• _Directions for this task_: Your answer must consist solely of the lines from the one containing "Blue Hot Air" through the last line of the records below, reproduced exactly, with all pictures omitted.
--- Recorded data Enclosed Below ---
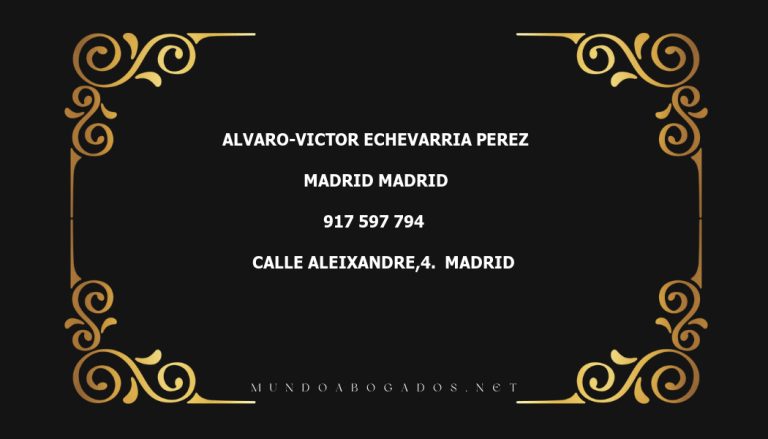 abogado Alvaro-Victor Echevarria Perez en la localidad de Madrid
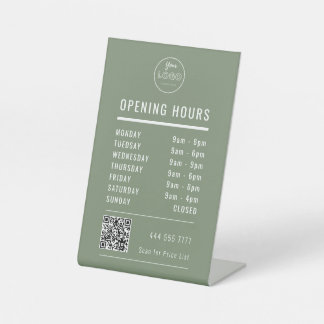 Signe De Table Business Opening Hours on Muted Green Logo QR Code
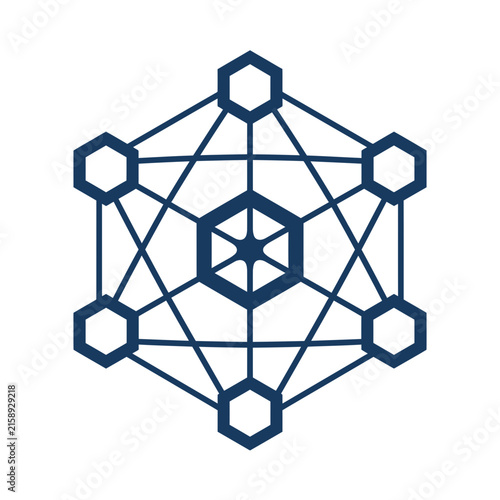 A dark blue geometric shape displays a complex network of lines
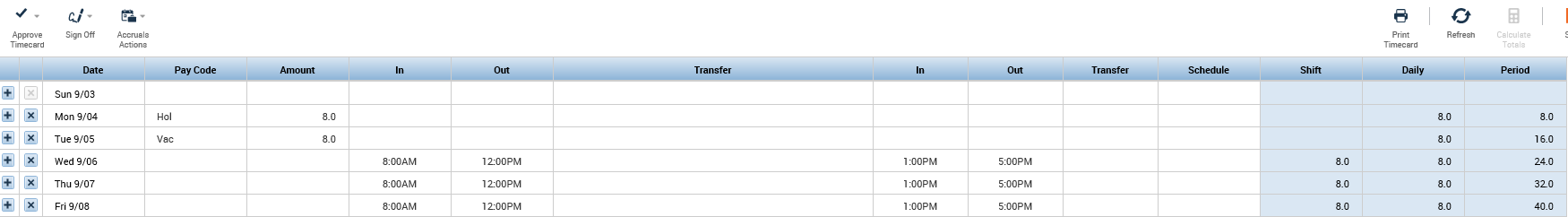 Example of entering holiday and vacation time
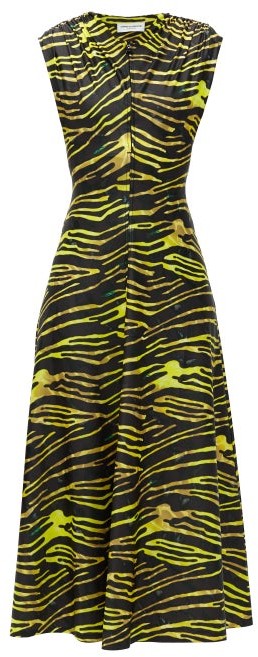 yellow and black tiger print dress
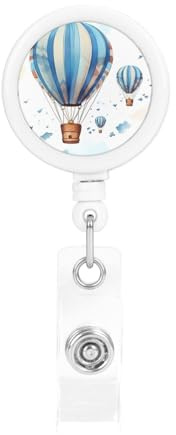 Blue Hot Air Balloon Badge Reels Retractable Badge Holder with Belt Clip, Lightweight ID Badge Clip Funny ID Card Holder for Key Name Card Holders for Office Doctor Nurse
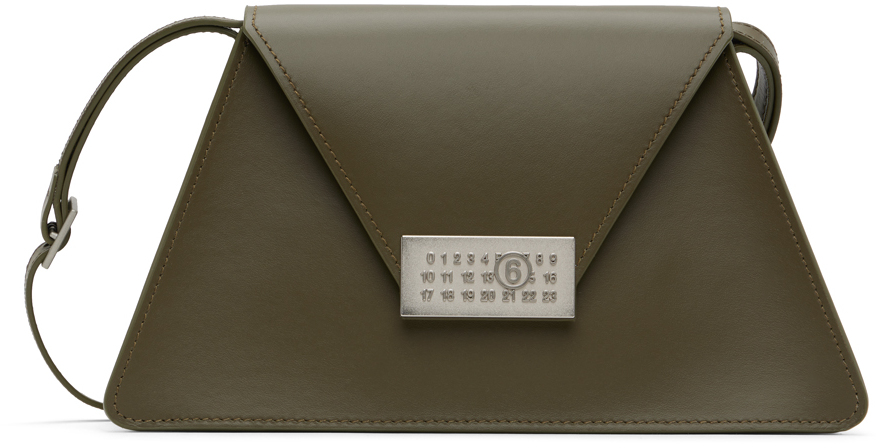 Shop Mm6 Maison Margiela Khaki Numeric Medium Bag In T7428 Dark Olive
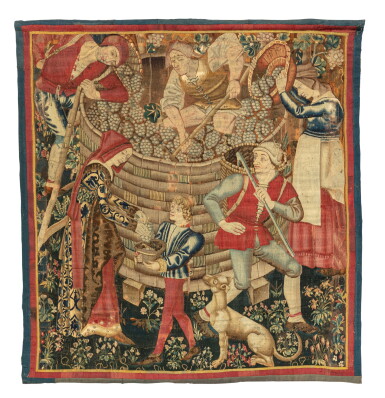 View full screen - View 1 of Lot 78. A Flemish pastoral ‘Wine Harvest’ (Vendange) tapestry, ‘Wine Pressing’, woven in Southern Netherlands, probably Brussels, last quarter 15th century (circa 1480).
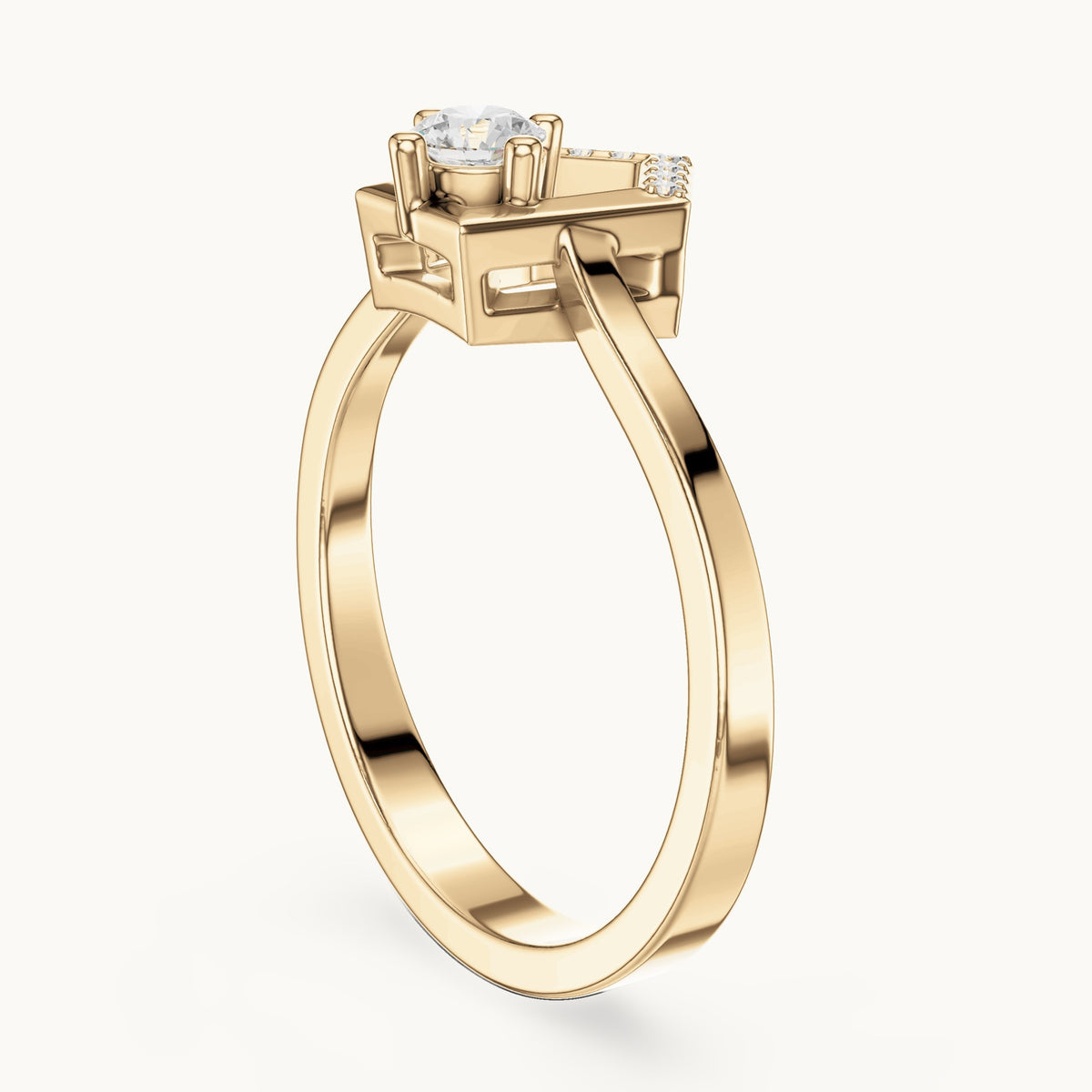 Round lab-grown diamond open pentagon frame ring in yellow gold, 0.181 CT TW, view 1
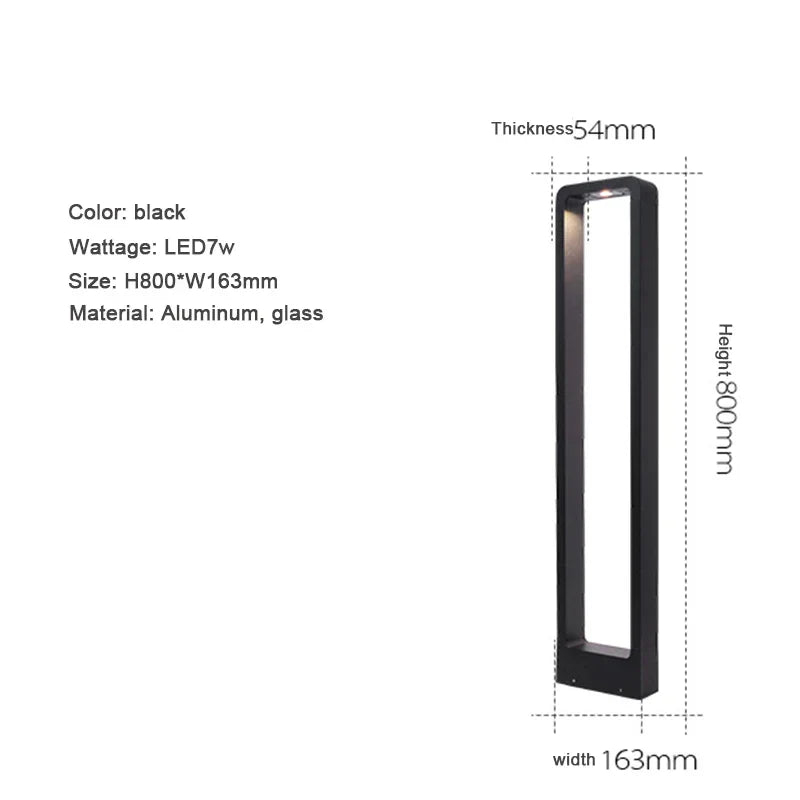 7W LED Aluminum Garden Bollard Light for Outdoor Landscape Courtyards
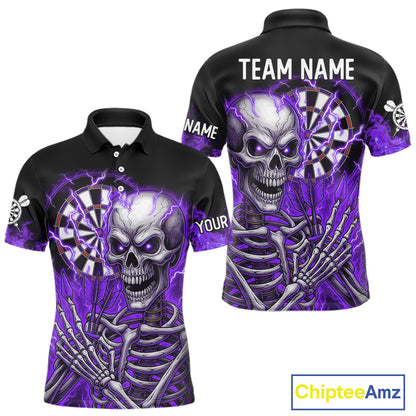 Purple Flaming Lightning Skeleton Darts Shirt For Men Custom Skull Dart Jersey Team Polo & 1/4 Zip TDM4739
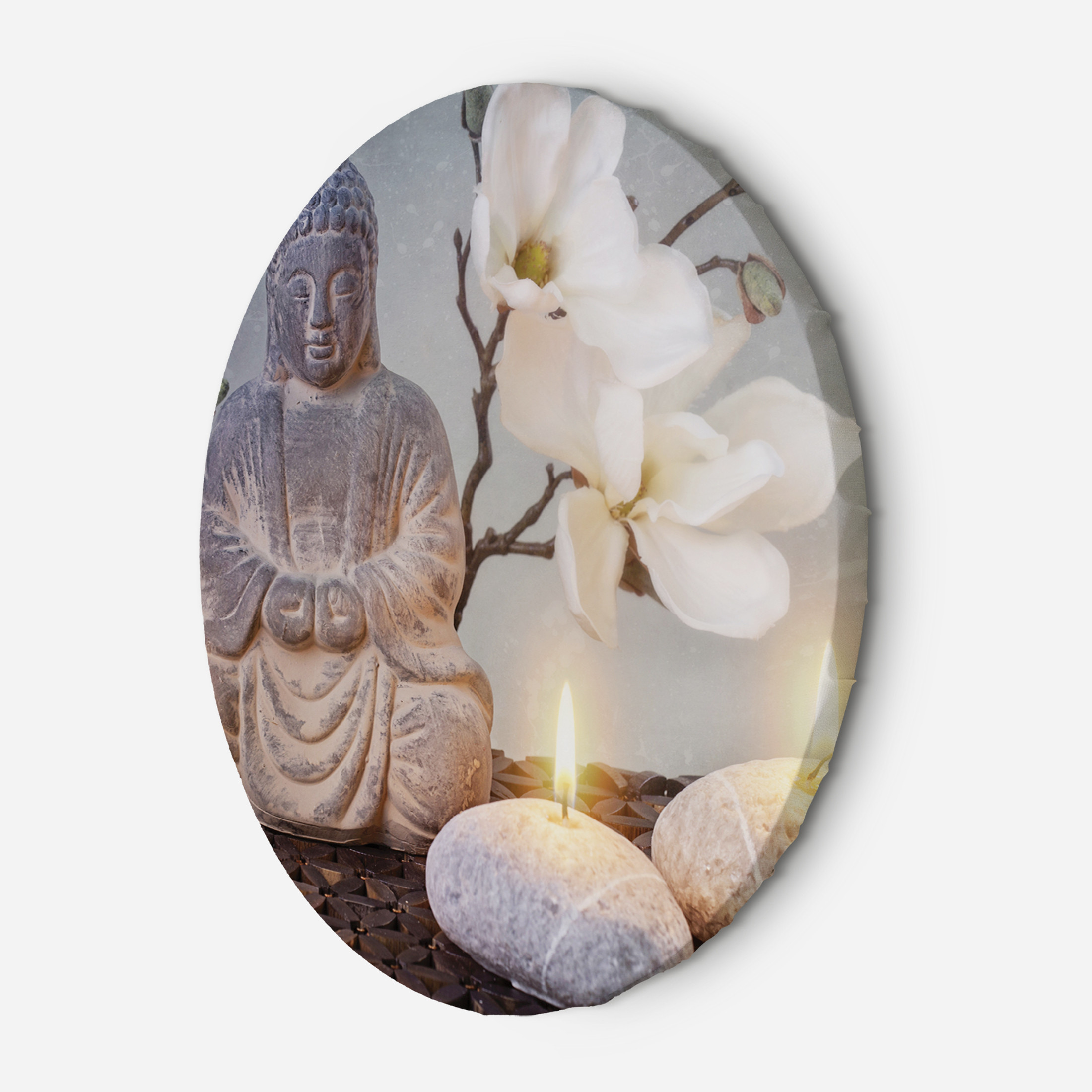 Feeby Okrągly obraz, Buddha i świece 40d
--- End of Enclosed Recorded data ---
• _Written reply_:
 Blue Hot Air Balloon Badge Reels Retractable Badge Holder with Belt Clip, Lightweight ID Badge Clip Funny ID Card Holder for Key Name Card Holders for Office Doctor Nurse
 Shop Mm6 Maison Margiela Khaki Numeric Medium Bag In T7428 Dark Olive
 View full screen - View 1 of Lot 78. A Flemish pastoral ‘Wine Harvest’ (Vendange) tapestry, ‘Wine Pressing’, woven in Southern Netherlands, probably Brussels, last quarter 15th century (circa 1480).
 Round lab-grown diamond open pentagon frame ring in yellow gold, 0.181 CT TW, view 1
 7W LED Aluminum Garden Bollard Light for Outdoor Landscape Courtyards
 Purple Flaming Lightning Skeleton Darts Shirt For Men Custom Skull Dart Jersey Team Polo & 1/4 Zip TDM4739
 Feeby Okrągly obraz, Buddha i świece 40d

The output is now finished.